YOUR GOAL >> Output the number of lines in the entries below with the string "Photo" in them, and nothing further.

══ DATASET

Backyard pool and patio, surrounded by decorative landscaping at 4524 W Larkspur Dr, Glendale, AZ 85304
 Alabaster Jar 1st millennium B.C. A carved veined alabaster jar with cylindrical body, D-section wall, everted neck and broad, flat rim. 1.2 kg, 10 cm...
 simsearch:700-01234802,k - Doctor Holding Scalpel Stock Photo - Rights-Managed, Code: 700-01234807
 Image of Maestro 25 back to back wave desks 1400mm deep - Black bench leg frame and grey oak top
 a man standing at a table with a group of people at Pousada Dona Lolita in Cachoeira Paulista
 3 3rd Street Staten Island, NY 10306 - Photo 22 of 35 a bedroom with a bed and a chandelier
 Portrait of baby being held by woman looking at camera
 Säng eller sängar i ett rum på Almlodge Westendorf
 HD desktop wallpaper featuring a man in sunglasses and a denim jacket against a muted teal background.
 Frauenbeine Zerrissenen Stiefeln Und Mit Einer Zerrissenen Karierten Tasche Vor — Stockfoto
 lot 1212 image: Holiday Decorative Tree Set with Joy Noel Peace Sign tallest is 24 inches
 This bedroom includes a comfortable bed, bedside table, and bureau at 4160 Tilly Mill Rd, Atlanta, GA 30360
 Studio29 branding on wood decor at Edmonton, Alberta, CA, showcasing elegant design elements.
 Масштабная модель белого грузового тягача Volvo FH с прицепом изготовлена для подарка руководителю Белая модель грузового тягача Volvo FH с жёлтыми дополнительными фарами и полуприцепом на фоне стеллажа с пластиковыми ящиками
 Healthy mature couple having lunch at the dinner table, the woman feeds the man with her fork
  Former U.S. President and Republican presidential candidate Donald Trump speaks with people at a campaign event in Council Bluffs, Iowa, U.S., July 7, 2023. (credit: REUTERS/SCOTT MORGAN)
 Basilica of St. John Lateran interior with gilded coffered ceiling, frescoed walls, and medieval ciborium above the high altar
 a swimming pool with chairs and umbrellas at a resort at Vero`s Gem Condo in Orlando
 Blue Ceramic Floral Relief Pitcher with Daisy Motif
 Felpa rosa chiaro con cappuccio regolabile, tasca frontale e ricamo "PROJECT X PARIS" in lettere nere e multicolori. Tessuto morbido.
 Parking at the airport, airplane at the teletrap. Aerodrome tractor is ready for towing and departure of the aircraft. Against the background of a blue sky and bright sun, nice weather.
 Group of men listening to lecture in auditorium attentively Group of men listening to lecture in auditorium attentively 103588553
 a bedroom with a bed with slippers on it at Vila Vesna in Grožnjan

════

OUTPUT FOR THIS EXERCISE >> 2